Items from a dataset:
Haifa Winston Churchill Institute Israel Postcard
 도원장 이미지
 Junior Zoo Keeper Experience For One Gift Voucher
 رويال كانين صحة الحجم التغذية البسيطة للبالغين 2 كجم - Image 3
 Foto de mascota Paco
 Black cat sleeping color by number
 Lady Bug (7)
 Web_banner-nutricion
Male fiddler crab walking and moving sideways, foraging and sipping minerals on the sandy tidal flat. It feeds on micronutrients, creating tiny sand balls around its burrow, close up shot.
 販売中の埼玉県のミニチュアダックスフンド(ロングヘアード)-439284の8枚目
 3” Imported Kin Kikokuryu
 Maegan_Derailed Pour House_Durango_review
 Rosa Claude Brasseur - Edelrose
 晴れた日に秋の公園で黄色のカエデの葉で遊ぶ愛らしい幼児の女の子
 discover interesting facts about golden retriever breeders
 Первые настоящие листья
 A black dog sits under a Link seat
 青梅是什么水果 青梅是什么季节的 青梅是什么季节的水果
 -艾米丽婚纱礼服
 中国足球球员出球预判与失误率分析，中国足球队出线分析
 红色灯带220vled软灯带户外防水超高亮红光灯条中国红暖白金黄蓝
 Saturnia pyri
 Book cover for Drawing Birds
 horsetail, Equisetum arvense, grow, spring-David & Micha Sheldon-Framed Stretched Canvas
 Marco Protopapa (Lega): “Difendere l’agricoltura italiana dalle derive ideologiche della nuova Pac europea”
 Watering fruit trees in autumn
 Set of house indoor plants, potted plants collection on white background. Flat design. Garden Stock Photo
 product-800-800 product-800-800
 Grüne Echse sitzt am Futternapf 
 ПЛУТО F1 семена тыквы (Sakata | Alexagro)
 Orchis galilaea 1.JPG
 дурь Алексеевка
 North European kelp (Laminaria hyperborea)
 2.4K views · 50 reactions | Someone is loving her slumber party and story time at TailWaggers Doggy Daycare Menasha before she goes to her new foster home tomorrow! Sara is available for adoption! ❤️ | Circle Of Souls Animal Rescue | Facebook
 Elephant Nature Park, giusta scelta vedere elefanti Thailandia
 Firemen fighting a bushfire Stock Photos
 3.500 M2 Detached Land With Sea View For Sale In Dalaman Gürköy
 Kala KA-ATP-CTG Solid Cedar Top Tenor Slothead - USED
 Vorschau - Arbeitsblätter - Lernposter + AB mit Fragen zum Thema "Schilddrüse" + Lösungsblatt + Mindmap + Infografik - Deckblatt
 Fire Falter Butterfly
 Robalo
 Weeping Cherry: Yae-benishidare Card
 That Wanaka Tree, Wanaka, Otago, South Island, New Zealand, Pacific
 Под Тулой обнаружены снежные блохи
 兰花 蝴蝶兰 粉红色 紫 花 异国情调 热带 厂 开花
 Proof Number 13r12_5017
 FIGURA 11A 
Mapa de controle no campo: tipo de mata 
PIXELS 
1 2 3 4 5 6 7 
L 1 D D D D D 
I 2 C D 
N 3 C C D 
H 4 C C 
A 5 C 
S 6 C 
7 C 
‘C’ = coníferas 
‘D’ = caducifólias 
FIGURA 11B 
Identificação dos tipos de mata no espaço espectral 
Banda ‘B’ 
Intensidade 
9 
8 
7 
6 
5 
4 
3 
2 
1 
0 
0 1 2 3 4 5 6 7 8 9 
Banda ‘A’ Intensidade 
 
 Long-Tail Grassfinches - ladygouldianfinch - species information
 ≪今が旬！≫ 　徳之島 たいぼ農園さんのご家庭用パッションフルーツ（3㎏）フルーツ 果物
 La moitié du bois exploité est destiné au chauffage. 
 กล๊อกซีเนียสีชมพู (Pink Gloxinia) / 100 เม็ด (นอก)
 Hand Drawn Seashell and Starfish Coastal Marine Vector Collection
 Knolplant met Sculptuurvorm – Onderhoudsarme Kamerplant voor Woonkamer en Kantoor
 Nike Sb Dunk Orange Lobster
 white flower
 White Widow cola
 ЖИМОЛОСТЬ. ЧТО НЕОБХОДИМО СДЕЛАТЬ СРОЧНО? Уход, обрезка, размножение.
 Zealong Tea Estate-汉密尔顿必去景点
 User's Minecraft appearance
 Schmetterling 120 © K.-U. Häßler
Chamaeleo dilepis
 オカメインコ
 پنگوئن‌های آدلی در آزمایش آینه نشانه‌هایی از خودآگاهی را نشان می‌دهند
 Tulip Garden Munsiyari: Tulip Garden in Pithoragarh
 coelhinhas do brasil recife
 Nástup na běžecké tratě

▶ [Goal of the exercise]:
Output the data exactly, from the first line through the line that holds "Под Тулой обнаружены снежные блохи", so that no later line appears.

▶ [Result below]:
Haifa Winston Churchill Institute Israel Postcard
 도원장 이미지
 Junior Zoo Keeper Experience For One Gift Voucher
 رويال كانين صحة الحجم التغذية البسيطة للبالغين 2 كجم - Image 3
 Foto de mascota Paco
 Black cat sleeping color by number
 Lady Bug (7)
 Web_banner-nutricion
Male fiddler crab walking and moving sideways, foraging and sipping minerals on the sandy tidal flat. It feeds on micronutrients, creating tiny sand balls around its burrow, close up shot.
 販売中の埼玉県のミニチュアダックスフンド(ロングヘアード)-439284の8枚目
 3” Imported Kin Kikokuryu
 Maegan_Derailed Pour House_Durango_review
 Rosa Claude Brasseur - Edelrose
 晴れた日に秋の公園で黄色のカエデの葉で遊ぶ愛らしい幼児の女の子
 discover interesting facts about golden retriever breeders
 Первые настоящие листья
 A black dog sits under a Link seat
 青梅是什么水果 青梅是什么季节的 青梅是什么季节的水果
 -艾米丽婚纱礼服
 中国足球球员出球预判与失误率分析，中国足球队出线分析
 红色灯带220vled软灯带户外防水超高亮红光灯条中国红暖白金黄蓝
 Saturnia pyri
 Book cover for Drawing Birds
 horsetail, Equisetum arvense, grow, spring-David & Micha Sheldon-Framed Stretched Canvas
 Marco Protopapa (Lega): “Difendere l’agricoltura italiana dalle derive ideologiche della nuova Pac europea”
 Watering fruit trees in autumn
 Set of house indoor plants, potted plants collection on white background. Flat design. Garden Stock Photo
 product-800-800 product-800-800
 Grüne Echse sitzt am Futternapf 
 ПЛУТО F1 семена тыквы (Sakata | Alexagro)
 Orchis galilaea 1.JPG
 дурь Алексеевка
 North European kelp (Laminaria hyperborea)
 2.4K views · 50 reactions | Someone is loving her slumber party and story time at TailWaggers Doggy Daycare Menasha before she goes to her new foster home tomorrow! Sara is available for adoption! ❤️ | Circle Of Souls Animal Rescue | Facebook
 Elephant Nature Park, giusta scelta vedere elefanti Thailandia
 Firemen fighting a bushfire Stock Photos
 3.500 M2 Detached Land With Sea View For Sale In Dalaman Gürköy
 Kala KA-ATP-CTG Solid Cedar Top Tenor Slothead - USED
 Vorschau - Arbeitsblätter - Lernposter + AB mit Fragen zum Thema "Schilddrüse" + Lösungsblatt + Mindmap + Infografik - Deckblatt
 Fire Falter Butterfly
 Robalo
 Weeping Cherry: Yae-benishidare Card
 That Wanaka Tree, Wanaka, Otago, South Island, New Zealand, Pacific
 Под Тулой обнаружены снежные блохи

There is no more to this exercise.